++++ Data provided ++++
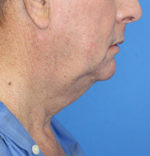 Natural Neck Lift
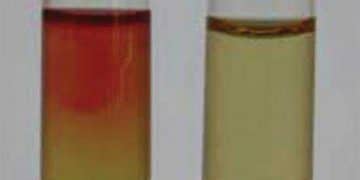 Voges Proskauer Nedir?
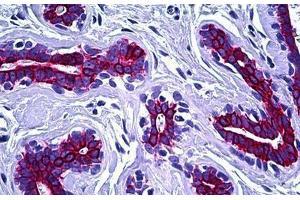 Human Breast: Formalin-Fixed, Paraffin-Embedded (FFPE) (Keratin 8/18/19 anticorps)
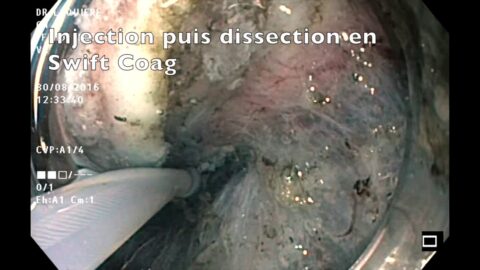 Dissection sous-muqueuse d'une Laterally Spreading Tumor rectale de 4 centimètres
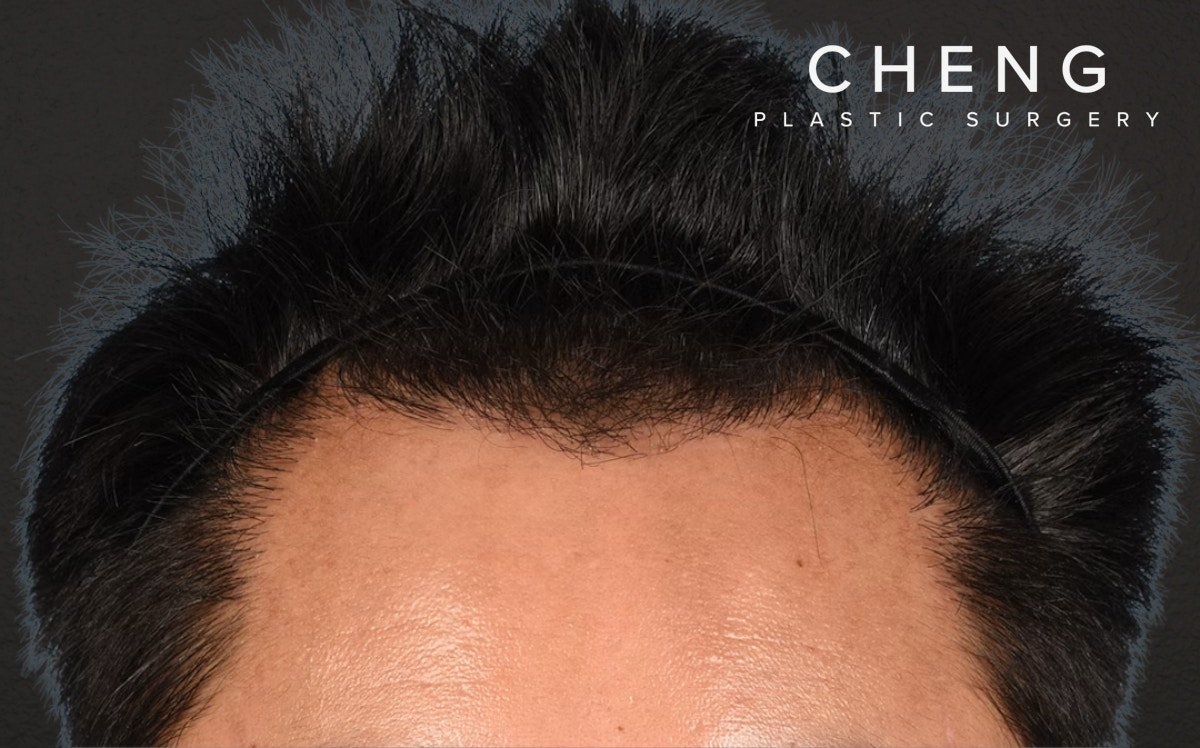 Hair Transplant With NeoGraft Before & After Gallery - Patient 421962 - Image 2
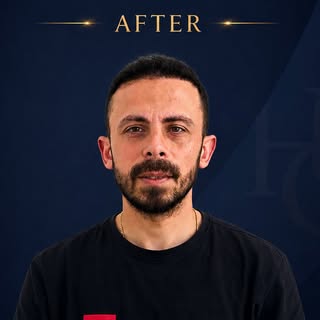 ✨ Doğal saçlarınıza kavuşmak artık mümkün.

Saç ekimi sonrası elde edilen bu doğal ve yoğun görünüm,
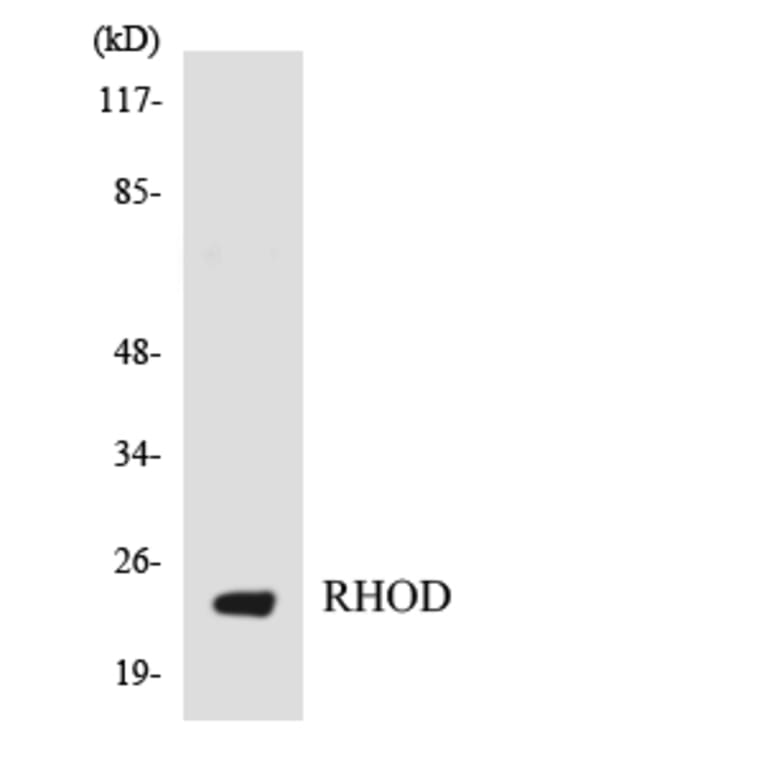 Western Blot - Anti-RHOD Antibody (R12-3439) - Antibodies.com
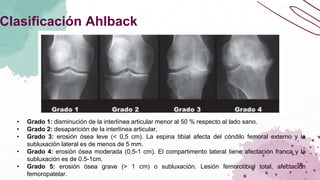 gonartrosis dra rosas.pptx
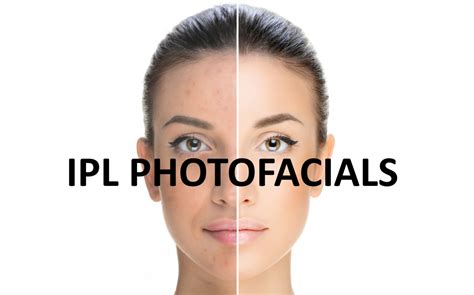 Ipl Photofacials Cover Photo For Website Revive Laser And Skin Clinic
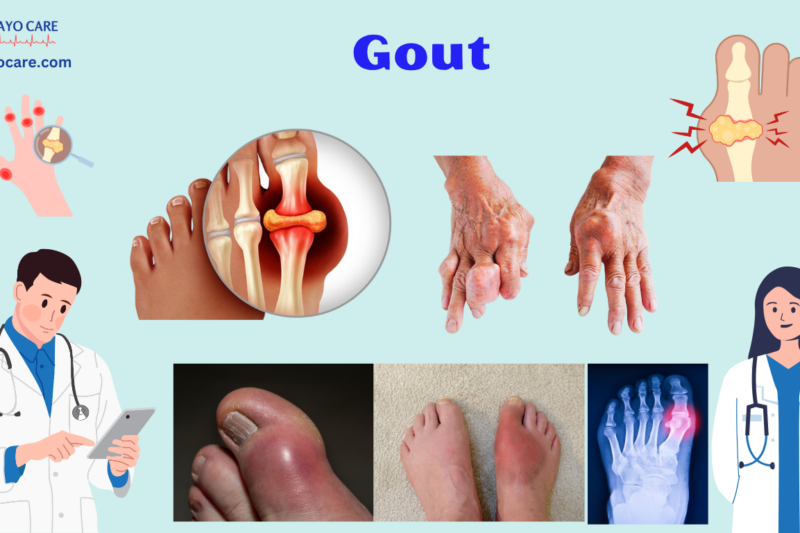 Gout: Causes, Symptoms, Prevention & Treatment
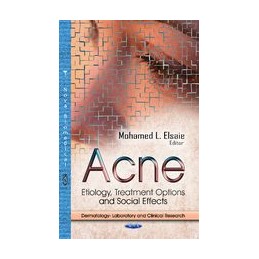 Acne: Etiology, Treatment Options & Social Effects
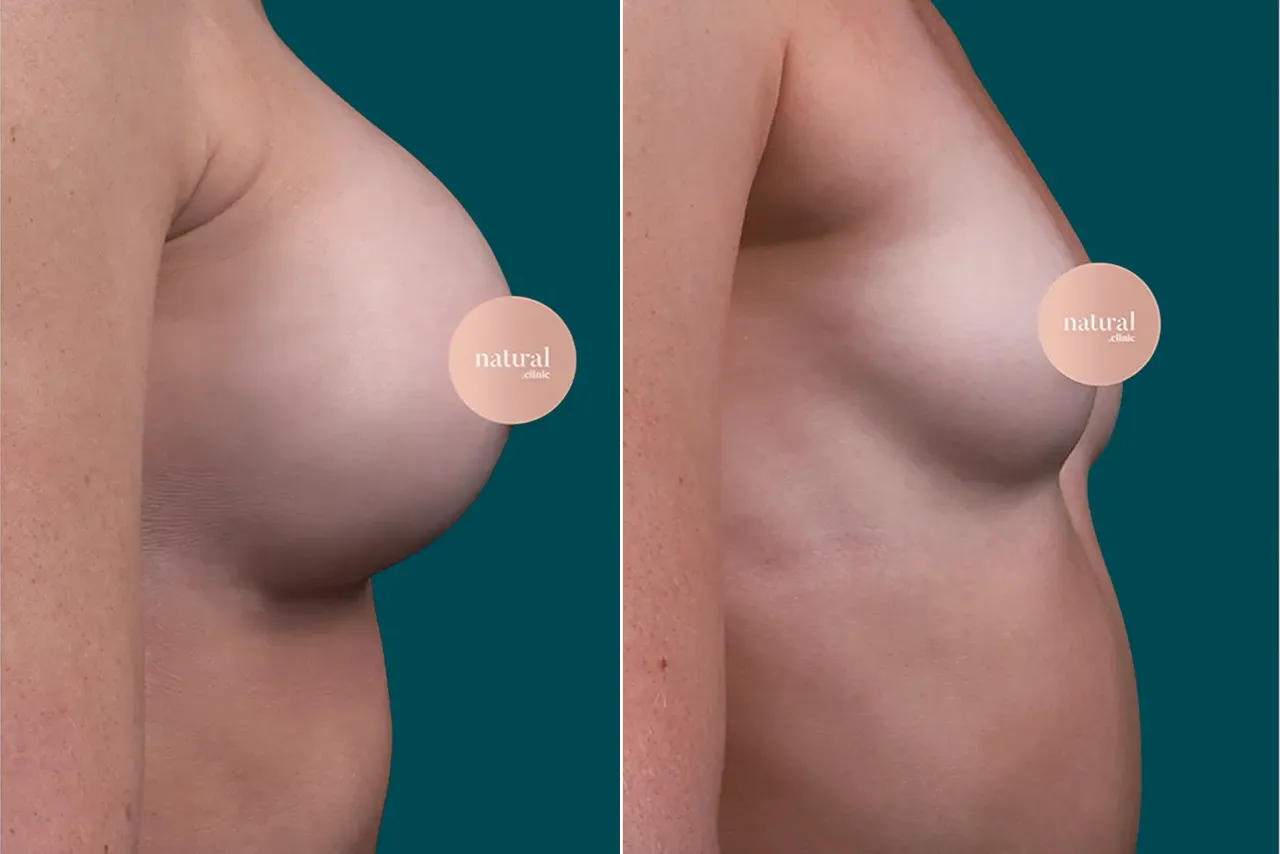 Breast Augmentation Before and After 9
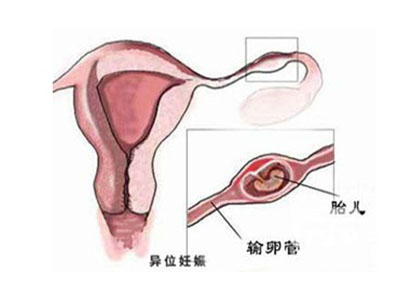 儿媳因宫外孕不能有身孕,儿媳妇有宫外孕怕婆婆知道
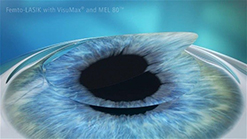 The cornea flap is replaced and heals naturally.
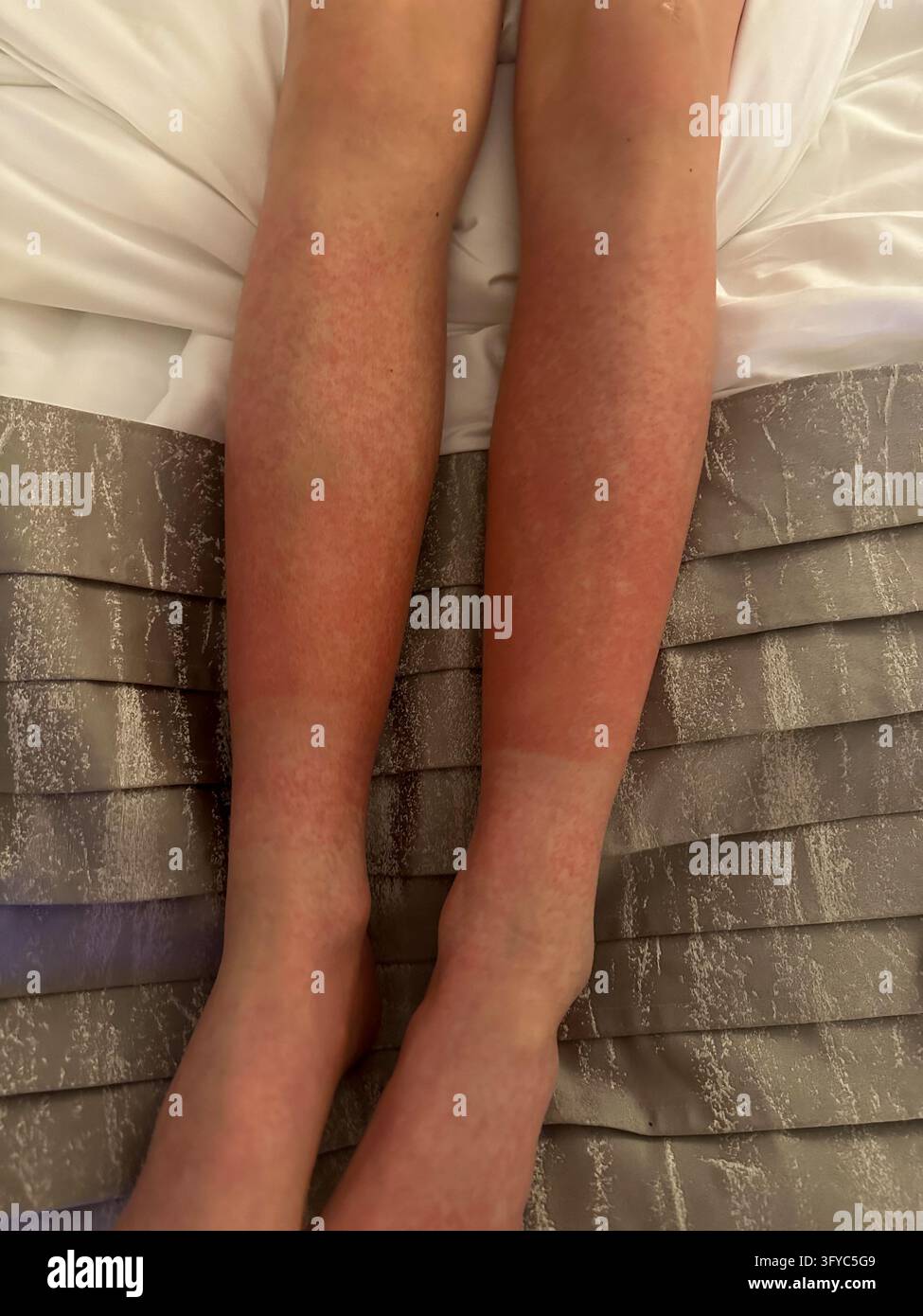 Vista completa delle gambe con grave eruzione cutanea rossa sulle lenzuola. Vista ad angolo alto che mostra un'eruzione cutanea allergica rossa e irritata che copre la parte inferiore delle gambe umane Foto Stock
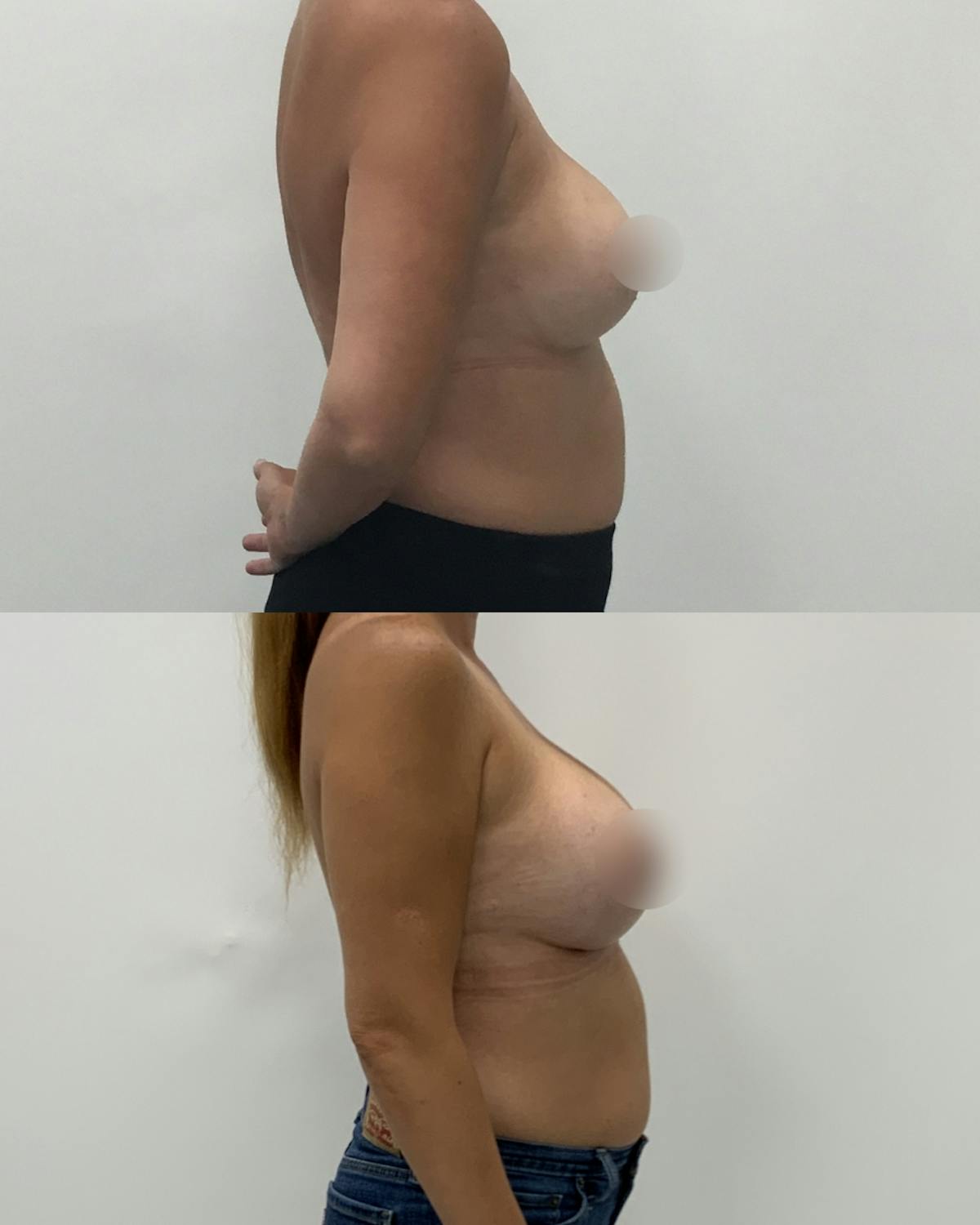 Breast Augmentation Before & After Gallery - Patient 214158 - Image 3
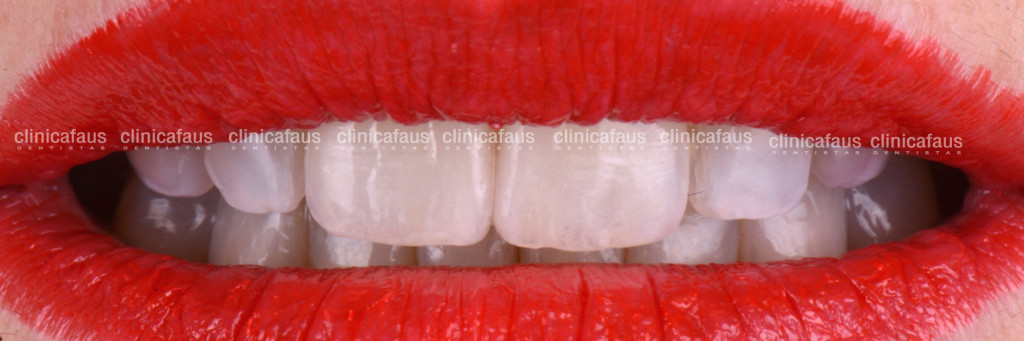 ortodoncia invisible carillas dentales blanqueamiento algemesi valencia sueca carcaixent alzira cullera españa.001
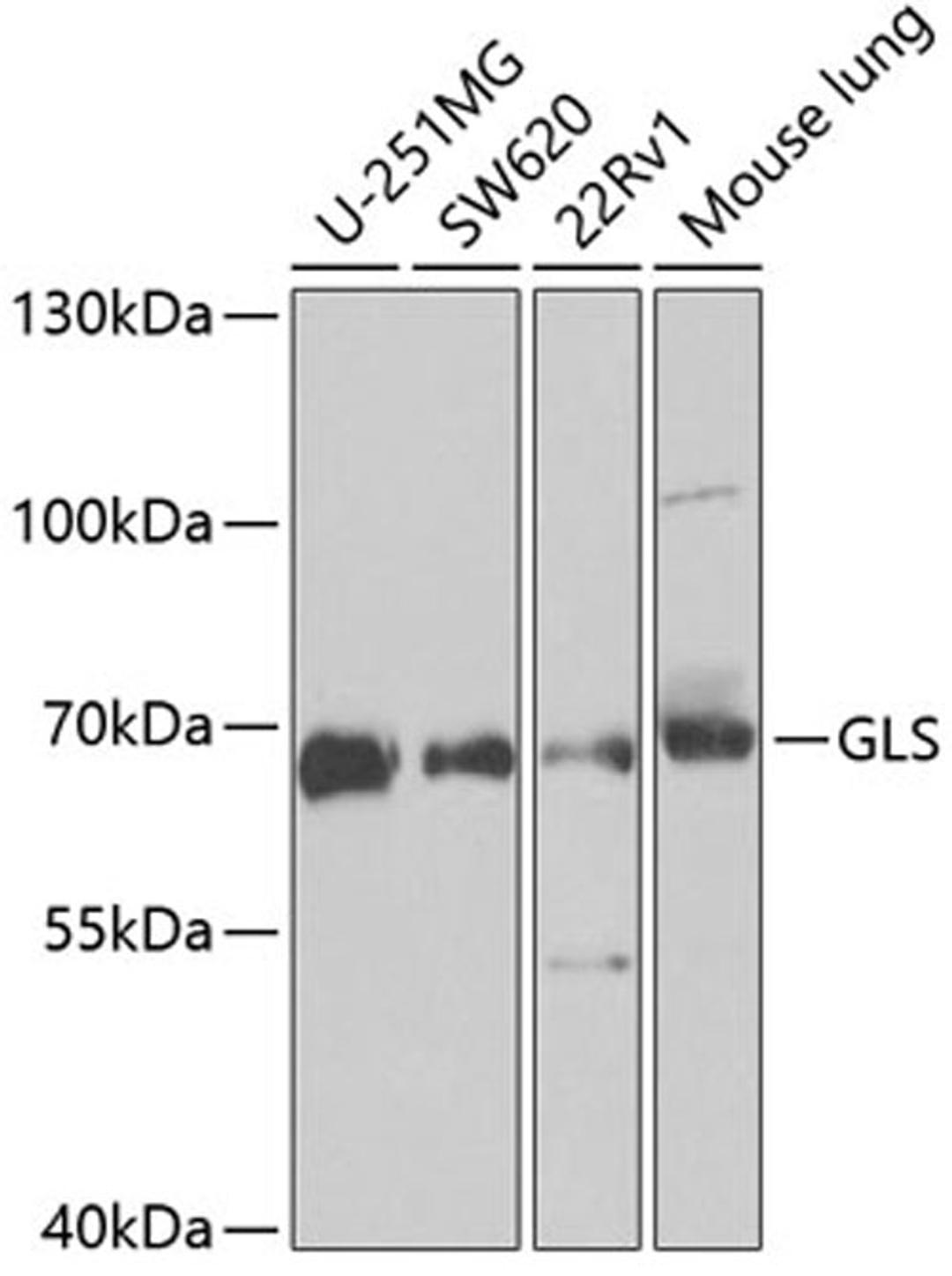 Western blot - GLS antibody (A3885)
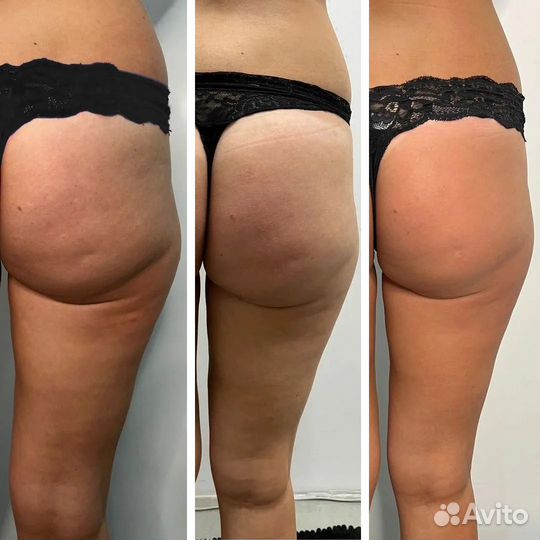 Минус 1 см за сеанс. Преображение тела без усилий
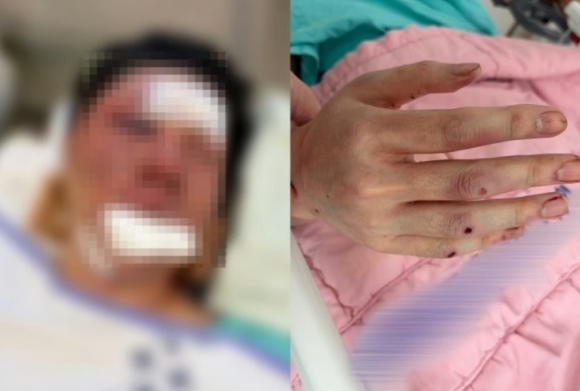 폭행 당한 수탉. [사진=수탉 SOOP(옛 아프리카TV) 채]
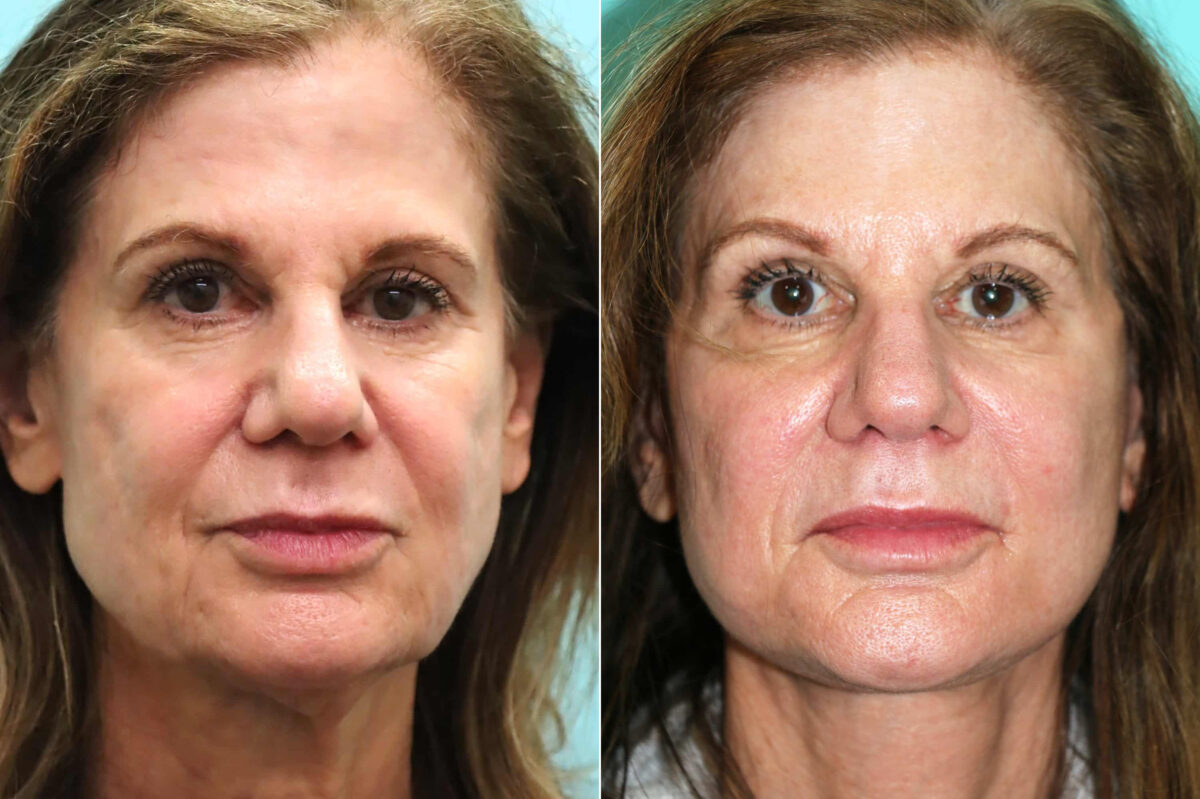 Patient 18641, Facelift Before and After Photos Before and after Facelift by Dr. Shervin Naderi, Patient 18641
++++
▸ **Goal of the exercise**
From the line containing "Breast Augmentation Before &" to the end of the listing, restate each line word for word and nothing more; the pictures stay out.

▸ **Output of the task**
 Breast Augmentation Before & After Gallery - Patient 214158 - Image 3
 ortodoncia invisible carillas dentales blanqueamiento algemesi valencia sueca carcaixent alzira cullera españa.001
 Western blot - GLS antibody (A3885)
 Минус 1 см за сеанс. Преображение тела без усилий
 폭행 당한 수탉. [사진=수탉 SOOP(옛 아프리카TV) 채]
 Patient 18641, Facelift Before and After Photos Before and after Facelift by Dr. Shervin Naderi, Patient 18641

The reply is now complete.